Kalimati kembali bergeliat. Saya terbangun. Kedua mata terasa bagaikan habis menangis. Kurang tidur. Tapi karena suhu di dalam tenda mulai gerah –arloji menunjukkan pukul 8 pagi- saya memilih keluar tenda.
Membawa kamera, saya berjalan menjauhi area perkemahan. Ke utara, ke arah Jambangan. Tak jauh dari gerombolan edelweiss dan cantigi. Subhan yang baru menunaikan hajat di ‘peturasan’ alami, dan Anggrek (yang juga baru bangun) menyusul.
Di atas rerumputan, kami berjemur. Memandang tubuh raksasa berlumur bebatuan dan pasir bergurat itu.
Untuk yang kesekian kalinya, asap beracun itu keluar dari kawah Jonggring Saloka. Dari gelembung-gelembung pekat pucat, menebarkan buih-buih debu, melekat di baju. Pakaian saya yang serba hitam bak berlumur ketombe.
Saya menelisik, memicingkan mata ke arah pendakian ke puncak Mahameru. Tampak debu-debu yang beterbangan, tanda dilewati orang yang turun. Dan lenyap selepas melintasi Kelik, perbatasan vegetasi. Pasti di wajah mereka terlukis rona gembira, lelah, dan lapar yang menjadi satu.
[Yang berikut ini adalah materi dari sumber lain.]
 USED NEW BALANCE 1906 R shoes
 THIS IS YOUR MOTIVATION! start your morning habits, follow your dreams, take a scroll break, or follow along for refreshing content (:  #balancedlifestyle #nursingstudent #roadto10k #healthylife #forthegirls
Kalimati menjadi tempat kembali.
* * *

Langkah kaki Anggrek yang terseok kembali terhenti. Saya yang jalan di belakangnya ikut berhenti. Berturut-turut, Tanti, Gunawan, dan Dicky yang berada di depan kami ikut berhenti. Jarak kami dengan mereka sekitar lima langkah.
Kami duduk berbalik membelakangi jalur pendakian. Menghadap ke arah Kalimati. Duduk di atas pasir-pasir rapat dan batu-batu berserakan berbagai ukuran. Debu beterbangan ke segala penjuru.
Yang menerbangkan debu itu memang angin. Tapi pemicunya adalah derap kaki yang kepayahan saat menanjak. Dari para pendaki, termasuk kami. Jalur ke puncak Mahameru kala itu, layaknya begini: jalan raya di kota metropolitan saat jam sibuk, dengan kendaraan yang terjebak dalam perempatan, lengkap dengan matinya lampu lalu lintas. Semua berlomba demi meraih titik 3.676 meter dari permukaan laut (mdpl).
Melihat itu, saya hanya berharap dalam hati, sungguh tak ingin melanjutkan pendakian ini. Saya hanya ingin turun ke Kalimati dan tidur.
Baru saja mematikan lampu kepala, seorang pendaki laki-laki dengan tongkat pendakian berjalan mendekati kami yang sedang beristirahat. Di tengah napasnya yang memburu, ia bertanya, “Mas, kira-kira bisa dapat sunrise tidak, ya, di puncak?”
Saya mengecek arloji. Sudah pukul tiga dini hari. Kami saja sudah berjalan hampir dua jam dari Kelik, belum mencapai separuh perjalanan di jalur berpasir ini. Saya kembali menatap wajah pendaki itu, “Sepertinya tidak terkejar, Mas.” Ia terdiam. Saya bertanya lagi dari mana asalnya. ”Jakarta,” katanya. Dia tidak sendiri. Dia termasuk dalam 30 orang dalam rombongannya, dan semuanya baru pertama kali mendaki gunung tertinggi di Jawa ini.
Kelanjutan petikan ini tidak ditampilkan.